God is eternal. He has no beginning and no end. This is foundational for a popular argument for God’s existence. Reason demonstrates that something must have always existed.
It is not possible to count to the end of the series of real numbers. We can always count one more. It is, in one sense, an infinite series of discrete things. We can’t count to the end of a string like that. It has no end. An unending series of discrete things cannot, after all, have an end.
Similarly, we cannot expect that an infinite regress of finite causes exists either. That is, if we move backward from ourselves to the things that caused us, then backward to the things that caused them and so on, we must find something that did not have a beginning. Otherwise, the unending series of causes would have never arrived at us.

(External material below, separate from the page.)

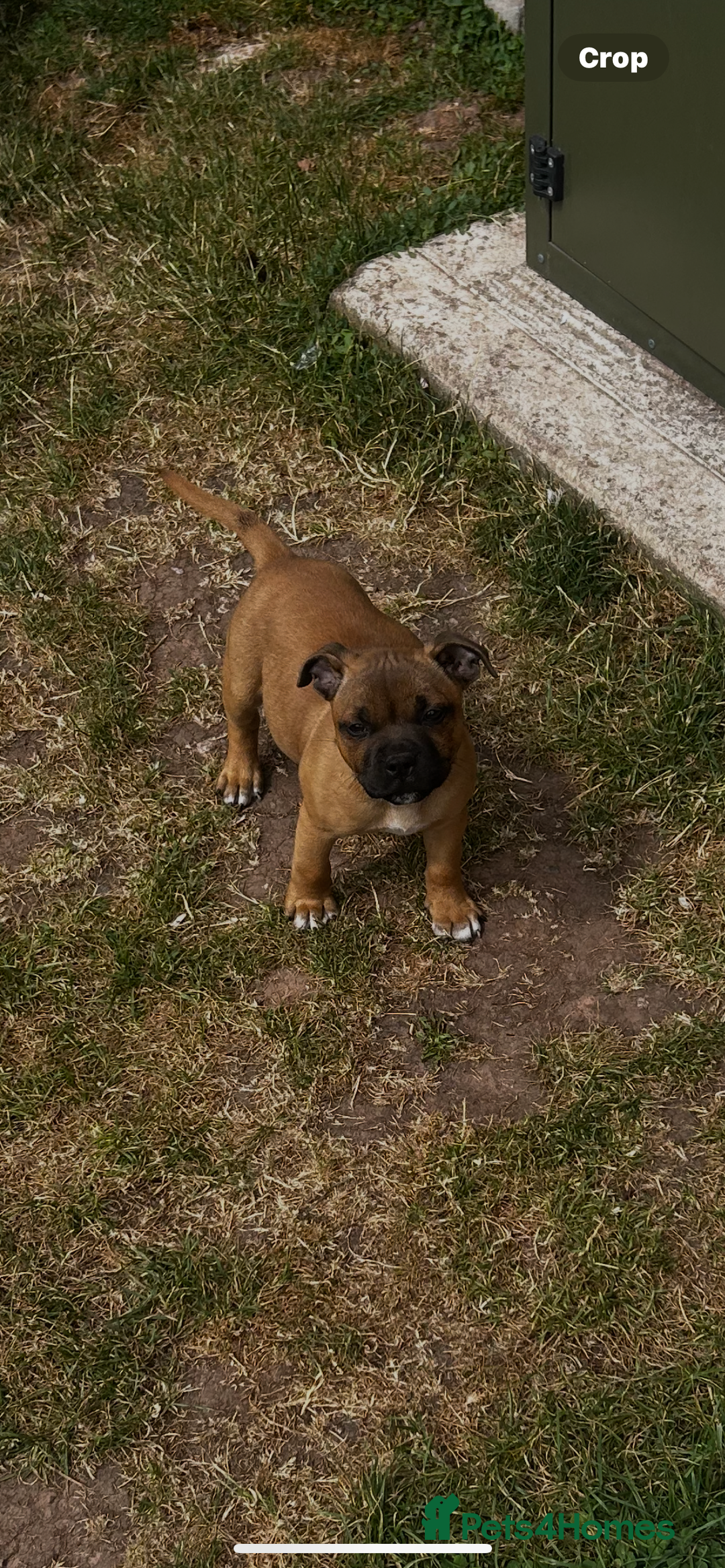 Staffordshire Bull Terrier dogs for sale: ONE MALE AVAILABLE 5* outstanding reds ✨✨✨ - Image 19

The infinite regression cannot exist in reality. Whatever the first cause was, it must have always been and it must have the power and ability to bring about all we see in the universe.
Something, or someone, has always been here. It was not caused to be by something that existed before it. It is self-existent; it has the power of being in itself because it existed by itself before it created.

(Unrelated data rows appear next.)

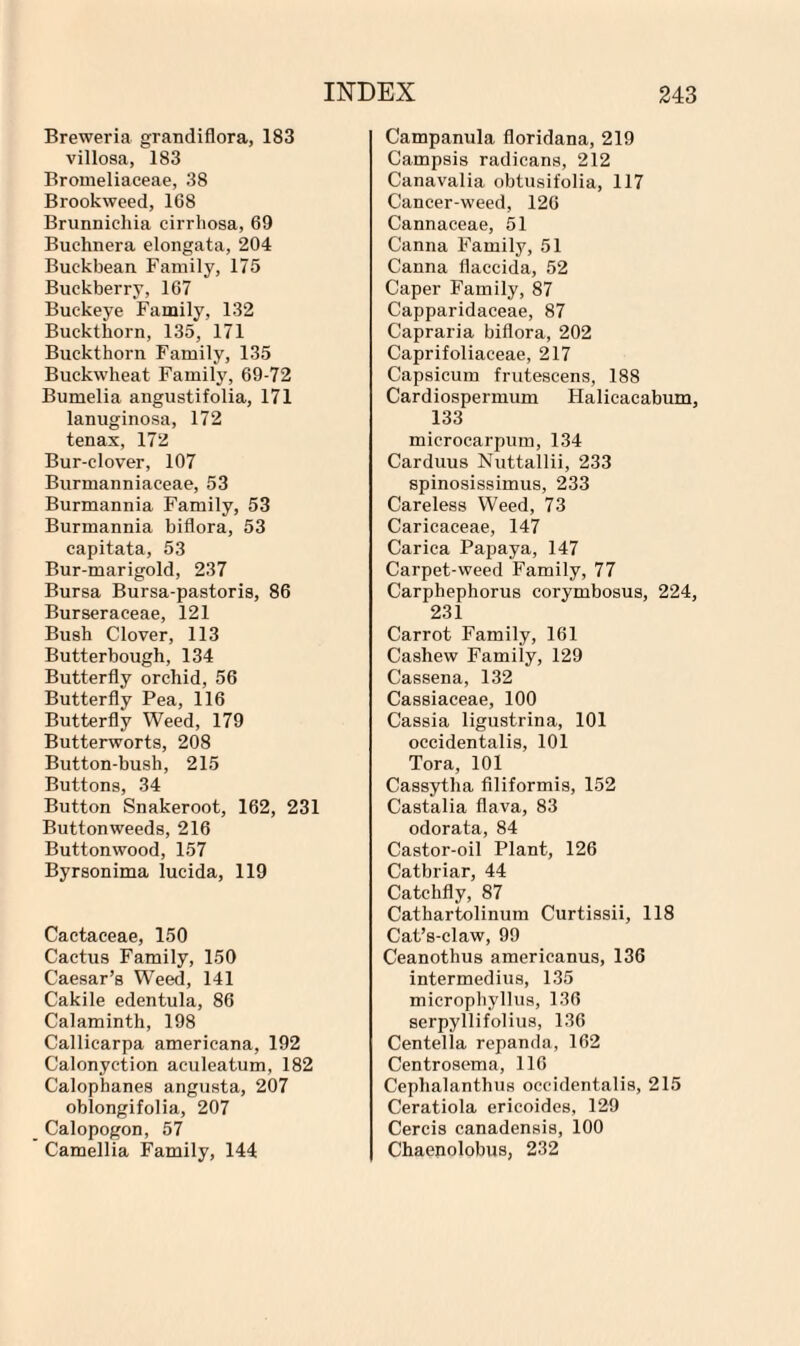 Breweria grandiflora, 183 villoaa, 183 Bromeliaceae, 38 Brookweed, 168 Brunnichia cirrhosa, 69 Buchnera elongata, 204 Buckbean Family, 175 Buekberry, 167 Buckeye Family, 132 Buckthorn, 135, 171 Buckthorn Family, 135 Buckwheat Family, 69-72 Bumelia angustifolia, 171 lanuginosa, 172 tenax, 172 Bur-clover, 107 Burmanniaceae, 53 Burmannia Family, 53 Burmannia biflora, 53 capitata, 53 Bur-marigold, 237 Bursa Bursa-pastoris, 86 Burseraceae, 121 Bush Clover, 113 Butterbough, 134 Butterfly orchid, 56 Butterfly Pea, 116 Butterfly Weed, 179 Butterworts, 208 Button-bush, 215 Buttons, 34 Button Snakeroot, 162, 231 Buttonweeds, 216 Buttonwood, 157 Byrsonima lucida, 119 Cactaceae, 150 Cactus Family, 150 Caesar’s Weed, 141 Cakile edentula, 86 Calaminth, 198 Callicarpa americana, 192 Calonyction aculeatum, 182 Calophanes angusta, 207 oblongifolia, 207 Calopogon, 57 Camellia Family, 144 Campanula floridana, 219 Campsis radicans, 212 Canavalia obtusifolia, 117 Cancer-weed, 126 Cannaceae, 51 Canna Family, 51 Canna flaccida, 52 Caper Family, 87 Capparidaceae, 87 Capraria biflora, 202 Caprifoliaceae, 217 Capsicum frutescens, 188 Cardiospermum Halicacabum, 133 microcarpum, 134 Carduus Nuttallii, 233 spinosissimus, 233 Careless Weed, 73 Caricaceae, 147 Carica Papaya, 147 Carpet-weed Family, 77 Carphephorus corymbosus, 224, 231 Carrot Family, 161 Cashew Family, 129 Cassena, 132 Cassiaceae, 100 Cassia ligustrina, 101 occidentalis, 101 Tora, 101 Cassytha filiformis, 152 Castalia flava, 83 odorata, 84 Castor-oil Plant, 126 Catbriar, 44 Catchfly, 87 Cathartolinum Curtissii, 118 Cat’s-claw, 99 Ceanothus americanus, 136 intermedins, 135 microphyllus, 136 serpyllifolius, 136 Centella repanda, 162 Centrosema, 116 Cephalanthus occidentalis, 215 Ceratiola ericoides, 129 Cercis canadensis, 100 Chaenolobus, 232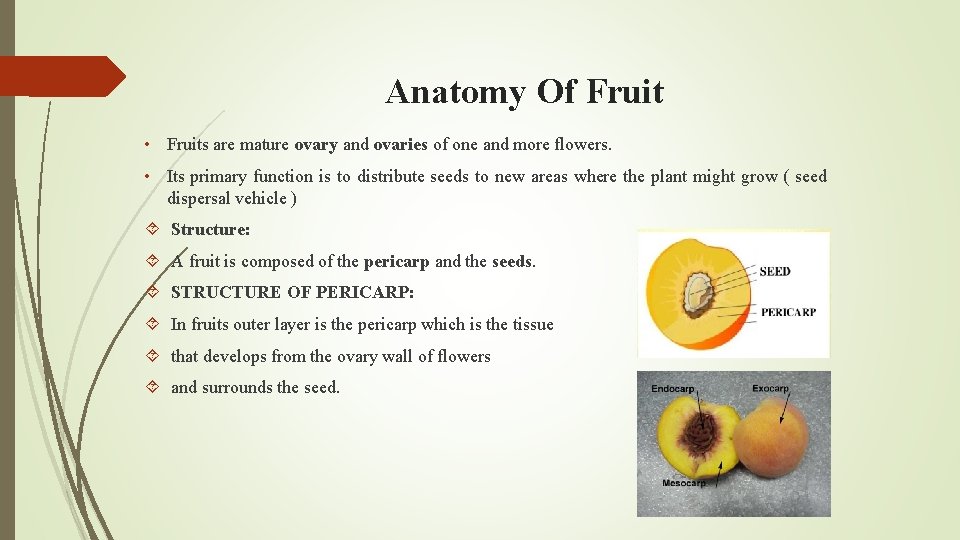 Anatomy Of Fruit • Fruits are mature ovary and ovaries of one and more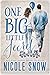One Big Little Secret (The Rory Brothers, #2)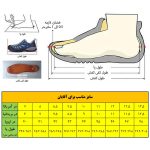 جدول سایزبندی هامتو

As J. P. Morland points out, nothing outside this first cause can cause it to either act or not act. At the beginning, there was nothing outside it, so there was nothing to cause its actions. It has the power of choice. Only a person can choose to act or not to act.

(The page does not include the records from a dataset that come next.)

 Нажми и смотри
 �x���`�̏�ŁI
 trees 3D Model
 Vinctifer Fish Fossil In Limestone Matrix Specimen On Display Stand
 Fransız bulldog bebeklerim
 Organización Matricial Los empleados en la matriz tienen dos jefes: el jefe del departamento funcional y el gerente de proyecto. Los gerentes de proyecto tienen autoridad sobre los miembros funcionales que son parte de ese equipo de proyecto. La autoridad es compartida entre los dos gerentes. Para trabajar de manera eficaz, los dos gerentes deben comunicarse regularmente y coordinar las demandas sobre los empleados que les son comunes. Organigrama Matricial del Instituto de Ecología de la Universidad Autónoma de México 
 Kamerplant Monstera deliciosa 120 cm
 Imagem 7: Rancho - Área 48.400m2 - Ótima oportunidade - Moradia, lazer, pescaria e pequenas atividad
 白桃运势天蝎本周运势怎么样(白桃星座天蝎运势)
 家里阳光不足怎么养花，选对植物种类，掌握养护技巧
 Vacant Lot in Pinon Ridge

This personality has always existed, is powerful enough to create the universe, and displays intention. This fits the Christian notion of God quite well, but not perfectly. But it must be kept in mind that this is not the only argument that can be given (Please see search label teleological argument," amoung others.).
Theistic arguments cannot be taken in isolation. We cannot ignore the things that one sub-argument proves just because it does not by itself prove the whole.
Counter-arguments often given revolve around the nature of time itself. Please note that I have not referenced time except as a reference to the string of causes, a reference to the order. I believe that time is an abstraction in the strictest sense.
The only way we measure time is by looking at some physical entity that is changing. It changes almost constantly in reference to everything else. A ticking watch and / or a decaying radioactive element is something that change physically. Time is our way of coming to terms with the change all around us, our way of referencing the changes we cannot keep track of.
We could think of it like a statistician does. We often look at experimental in “time order” so we can get an idea of any unknown independent variables that could be influencing the experimental outcomes. All we really have is a sequence of physical causes. Maybe there is a pattern in that sequence which gives away an unknown factor. Maybe if we keep careful notes, we can guess what it is.
The concept of time helps us to keep our bearings in the sequence of physical beings, but it has no existence in and of itself. Counter-arguments that reference a particular theory of time are just dancing around the obvious.